A desembargadora Ana Bernadete Leite de Carvalho Andrade, Corregedora-Geral da Justiça, é a supervisora em substituição do Grupo de Monitoramento e Fiscalização do Sistema Carcerário e do Sistema de Execução das Medidas Socioeducativas do Tribunal de Justiça de Sergipe (GMF/SE), e conduziu a reunião. Ela e outros magistrados que compõem o GMF/SE ouviram atentamente como poderá ser aplicado o fluxograma de atendimento ao usuário em conflito com a lei na rede de atenção psicossocial. Durante o encontro, que contou ainda com gestores da assistência social, foram suscitadas dúvidas e apresentadas diversas sugestões.
Ao final da reunião, foi formada uma comissão para definir o fluxo de atendimento e os membros terão um novo encontro já na segunda-feira.
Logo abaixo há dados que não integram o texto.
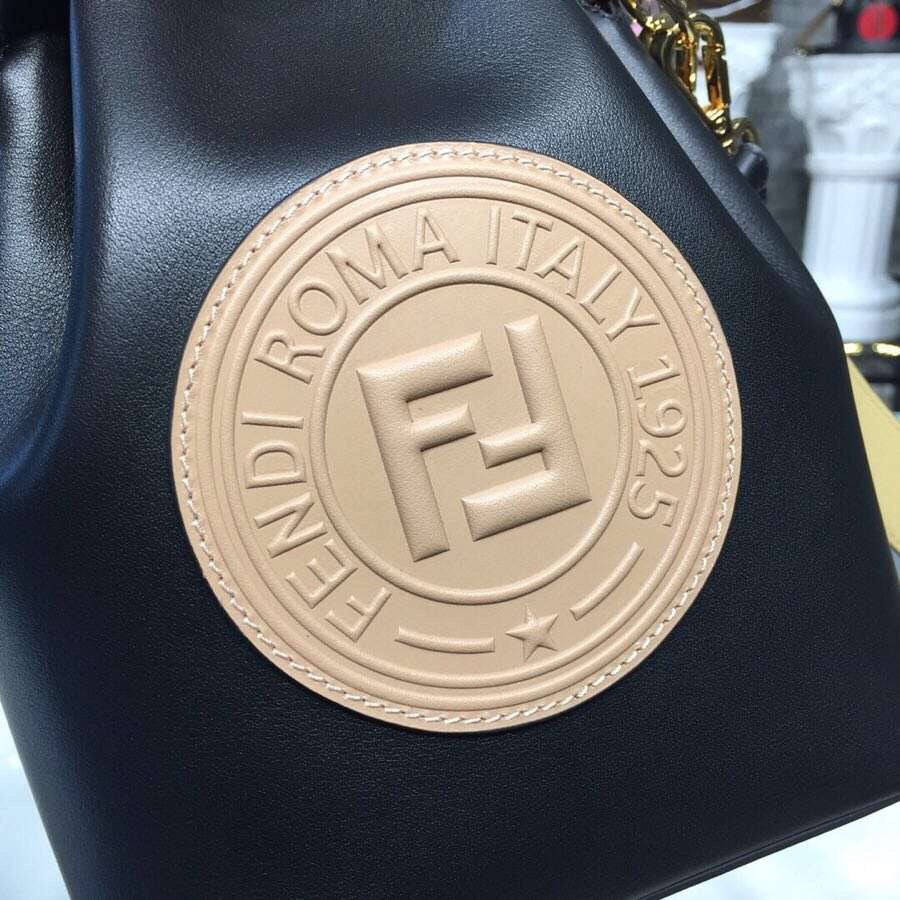 new-designer-premium-bags-nm15117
Em Sergipe, atualmente, a Unidade de Custódia Psiquiátrica, localizada em Aracaju, tem cerca de 90 pessoas custodiadas. Outras reuniões sobre o tema foram realizadas, no TJSE, nos dias 19 e 26 de junho.
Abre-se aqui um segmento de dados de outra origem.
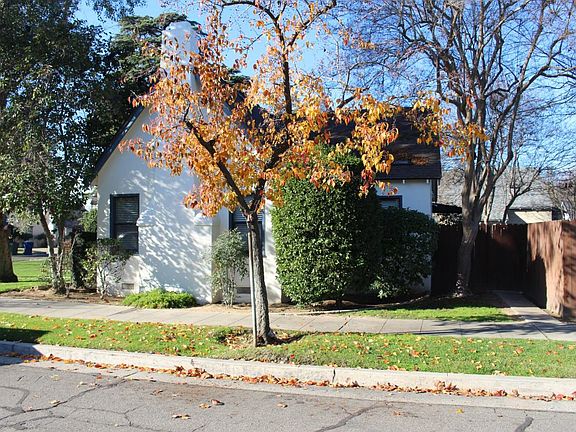 3rd image of 445 E Cornell Ave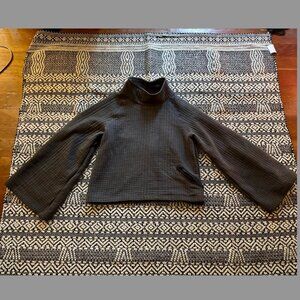 Nike Tech Pack Grey Kimono Bell Sleeve Mock Neck Pullover Sweater Women’s S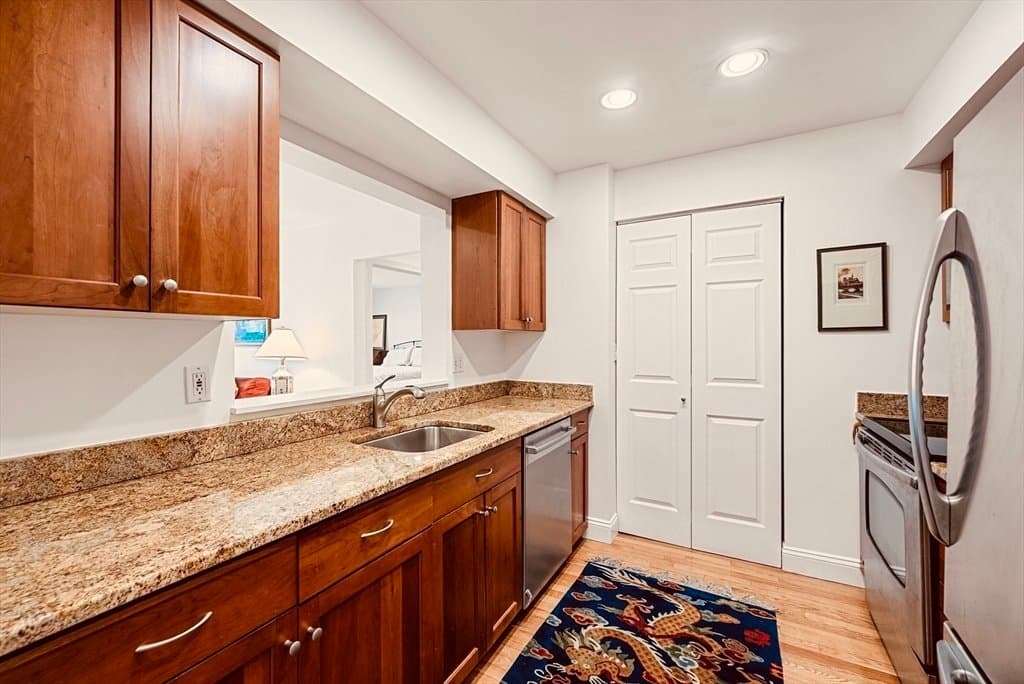 Boston Condo: 16 Harcourt St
A Resolução 487, que é de fevereiro deste ano, determina que seja feito um plano de ação para implantação de estratégia de desinstitucionalização e atenção integral a pessoas com transtorno mental em conflito com a lei, com prazos a serem cumpridos. O primeiro dos prazos vence dia 24 de agosto, quando, conforme o artigo 18, a autoridade judicial competente determinará a interdição parcial de estabelecimentos, alas ou instituições congêneres de custódia e tratamento psiquiátrico no Brasil, com proibição de novas internações em suas dependências. Doze meses após a publicação da Resolução, deverá ocorrer a interdição total e o fechamento dessas instituições.